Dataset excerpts
* * * *

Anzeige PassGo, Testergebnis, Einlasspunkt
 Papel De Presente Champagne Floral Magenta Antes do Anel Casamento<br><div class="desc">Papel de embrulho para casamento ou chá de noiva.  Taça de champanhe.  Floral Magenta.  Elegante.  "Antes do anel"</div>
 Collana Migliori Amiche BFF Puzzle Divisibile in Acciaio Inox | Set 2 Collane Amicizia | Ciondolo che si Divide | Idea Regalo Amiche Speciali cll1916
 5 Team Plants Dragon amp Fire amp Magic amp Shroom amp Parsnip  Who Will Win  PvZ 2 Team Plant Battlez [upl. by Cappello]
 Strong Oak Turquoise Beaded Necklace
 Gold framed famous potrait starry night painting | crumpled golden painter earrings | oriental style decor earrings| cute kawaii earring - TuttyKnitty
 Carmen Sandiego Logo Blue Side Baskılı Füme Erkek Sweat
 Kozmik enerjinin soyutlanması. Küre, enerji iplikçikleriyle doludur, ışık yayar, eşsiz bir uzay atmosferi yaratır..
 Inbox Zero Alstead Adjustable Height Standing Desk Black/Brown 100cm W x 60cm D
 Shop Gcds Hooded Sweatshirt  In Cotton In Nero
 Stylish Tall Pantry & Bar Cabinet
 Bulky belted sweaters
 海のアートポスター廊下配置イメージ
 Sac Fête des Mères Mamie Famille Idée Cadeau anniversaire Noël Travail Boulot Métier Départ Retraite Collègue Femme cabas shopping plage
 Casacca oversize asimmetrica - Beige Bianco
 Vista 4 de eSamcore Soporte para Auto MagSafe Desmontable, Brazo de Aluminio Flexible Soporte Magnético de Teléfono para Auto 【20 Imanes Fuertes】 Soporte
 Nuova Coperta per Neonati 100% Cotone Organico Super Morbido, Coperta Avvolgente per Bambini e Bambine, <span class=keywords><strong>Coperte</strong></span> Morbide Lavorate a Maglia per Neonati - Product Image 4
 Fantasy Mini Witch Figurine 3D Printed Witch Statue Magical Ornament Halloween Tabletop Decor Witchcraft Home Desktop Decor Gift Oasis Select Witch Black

* * * *

> [Task item] Every line in the data above that includes the word "Black" should be copied.

> [Answer section]
 Inbox Zero Alstead Adjustable Height Standing Desk Black/Brown 100cm W x 60cm D
 Fantasy Mini Witch Figurine 3D Printed Witch Statue Magical Ornament Halloween Tabletop Decor Witchcraft Home Desktop Decor Gift Oasis Select Witch Black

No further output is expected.